• **About this task**
From the data underneath, reproduce exactly the stretch that begins at the line with "透明直頸活動鈕塞玻璃瓶藏品圖，第2張" and ends after the line with "438 E 37th Avenue, Vancouver, BC, V5W".

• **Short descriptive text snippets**
Content starts
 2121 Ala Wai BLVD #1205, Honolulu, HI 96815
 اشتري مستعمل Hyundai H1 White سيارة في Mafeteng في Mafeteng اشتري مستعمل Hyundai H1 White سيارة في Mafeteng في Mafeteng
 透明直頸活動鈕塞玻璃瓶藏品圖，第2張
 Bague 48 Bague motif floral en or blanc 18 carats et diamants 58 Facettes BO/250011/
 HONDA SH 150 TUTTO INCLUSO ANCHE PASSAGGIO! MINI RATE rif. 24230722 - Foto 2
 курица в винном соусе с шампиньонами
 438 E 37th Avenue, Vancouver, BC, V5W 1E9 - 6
Content ends
Content starts
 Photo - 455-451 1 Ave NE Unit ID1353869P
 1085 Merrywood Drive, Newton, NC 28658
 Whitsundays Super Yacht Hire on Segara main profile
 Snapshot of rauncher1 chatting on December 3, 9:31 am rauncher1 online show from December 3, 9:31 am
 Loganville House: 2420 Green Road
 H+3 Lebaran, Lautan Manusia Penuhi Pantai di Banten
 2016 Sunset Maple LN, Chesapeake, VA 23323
Content ends
• **Task output**
 透明直頸活動鈕塞玻璃瓶藏品圖，第2張
 Bague 48 Bague motif floral en or blanc 18 carats et diamants 58 Facettes BO/250011/
 HONDA SH 150 TUTTO INCLUSO ANCHE PASSAGGIO! MINI RATE rif. 24230722 - Foto 2
 курица в винном соусе с шампиньонами
 438 E 37th Avenue, Vancouver, BC, V5W 1E9 - 6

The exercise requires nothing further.